“It is beautiful and amazing to have access to the vast range of invention, intensity, and surprise that Lorenzo Thomas’s poetry offers. His contribution is indispensable, immeasurable and—even now, even here—unbound. ”
—Fred Moten, author of The Little Edges
“This generous tome of too-hidden genius griot-bodhisattva Lorenzo Thomas shimmers with an alert curiosity and humanity’s tender blues. An important figure of second generation New York School practice as well a son of Black Arts and companion to Umbra, Thomas has never wavered in his celebration of ancestors from Pharoah Hohemreb to Leopold Senghor to Jimi Hendrix. “Stir it up” Thomas writes, and he does. This Collected is a magnificent intervention of poetry’s orality in a radical time he was very much a part of.”
—Anne Waldman, author of Trickster Feminism
“Lorenzo Thomas is an essential poet of postwar America. His sumptuous poetic inventiveness is grounded in searing social consciousness. Through dazzling sound patterning and the deft interplay of conflicting voices and discourses, Thomas proves the necessity of aesthetic pleasure for waking us from the slumber of complacency. ”
—Charles Bernstein, author of Pitch of Poetry
Born in Panama to Afro-Caribbean parents, Lorenzo Thomas (1944−2005) grew up in New York City, where he participated in the Umbra Workshop. Influenced by the work of the Caribbean poet Aimé Césaire, Thomas was part of the Black Arts Movement. After serving in Vietnam, he was writer-in-residence at Texas Southern University, where he helped edit the journal Roots. He was a professor of English at the University of Houston for more than two decades, starting in 1984. From 1973–1979 he served as Writer in Residence at Florida A&M University.
Over his illustrious career, he was awarded the Foundation for Contemporary Arts Grants to Artists, the Lucille Medwick award, the Poets Foundation award, the Committee on Poetry Grant, and the Dwight L. Durling Prize in Poetry. His published works include Don’t Deny My Name (2008), Dancing on Main Street (2004), Extraordinary Measures: Afrocentric Modernism and 20th-Century American Poetry (2000), The Bathers (1981), and Chances Are Few (1979).

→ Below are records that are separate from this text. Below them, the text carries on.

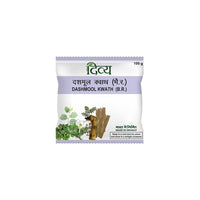 Thumbnail for Patanjali Dashmool Kwath 100 gm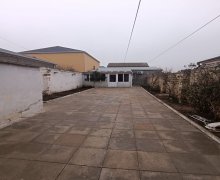Satılır Həyət evi/villa Sumqayıt ş.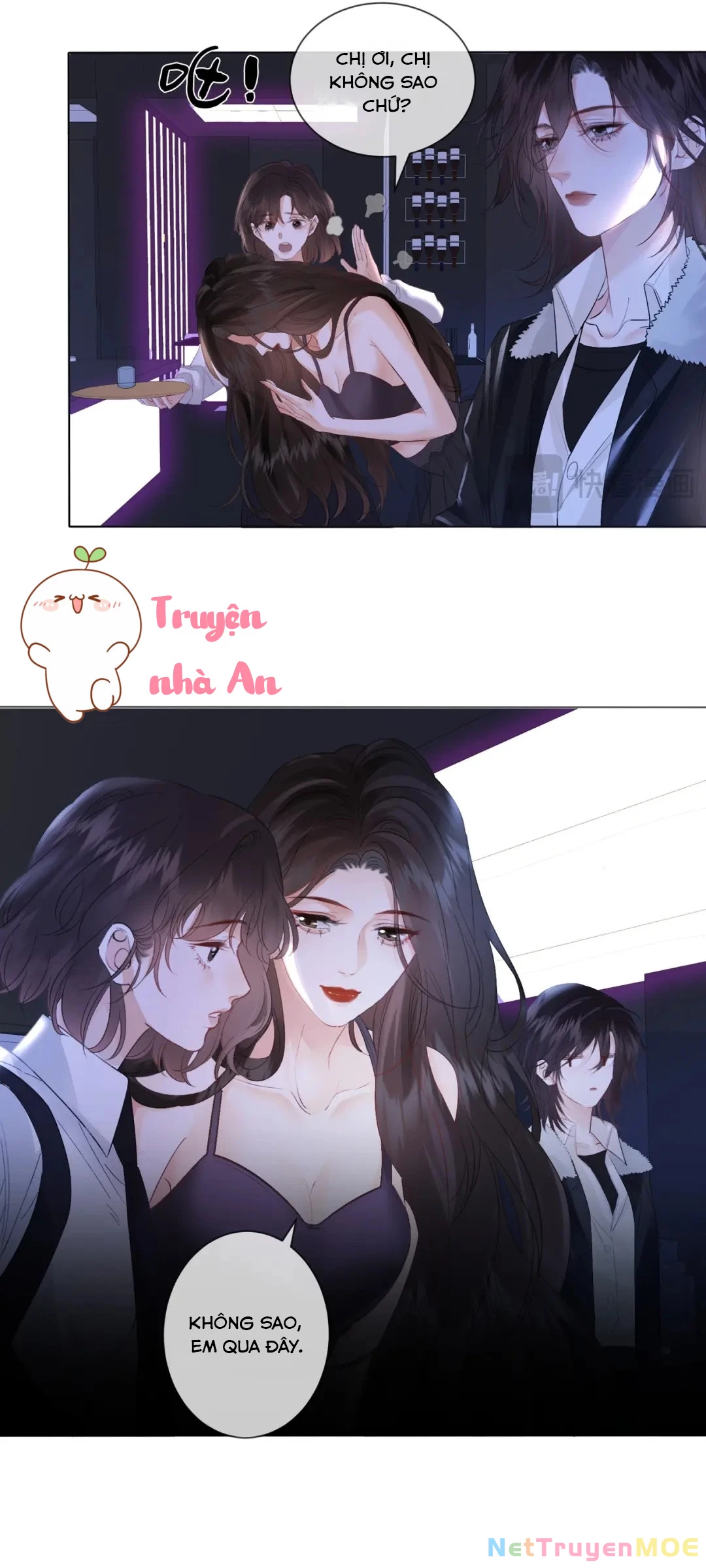 Ta Thân Ái Pháp Y Tiểu Thư Chapter 77 - 19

Thomas’s poetry synthesizes New York School and Black Arts aesthetics, heavily influenced by blues and jazz. In a career that spanned decades, Thomas constantly experimented with form and subject, while still writing poetry deeply rooted in the traditions of African American aesthetics. Whether drawing from his experiences during the war in Vietnam, exploring his life in the urban north and the southwest, or parodying his beloved Negritude ancestors, Thomas was a lyric innovator. The Collected Poems of Lorenzo Thomas is the first full collection of works spanning across four decades of his career, including poems never before published in books.
Song
You asked me to sing
Then you seemed not
To hear; to have gone out
From the edge of my voice
And I was singing
There I was singing
In a heathen voice
You could not hear
Though you requested
The song–it was for them.
Although they refuse you
And the song I made for you
Tangled in their tongue
They wd mire themselves in the spring
Rains, as I sit here folding and
Unfolding my nose in your gardens
I wouldn’t mind it so bad
Each word is cheapened
In the air, sounding like
Language that riots and
Screams in the dark city
Thoughts they requested
Concepts that rule them
Since I can’t have you
I will steal what you have
LORENZO THOMAS (1944−2005), was a critic and poet, and published volumes of scholarship as well as numerous essays, including several histories of the Umbra group.
ALDON LYNN NIELSEN (editor) is the author of Integral Music: Languages of African American Innovation. He is the George and Barbara Kelly professor of American literature at Penn State University.
LAURA VRANA (editor) is assistant professor of English specializing in African American literature and poetry at the University of South Alabama.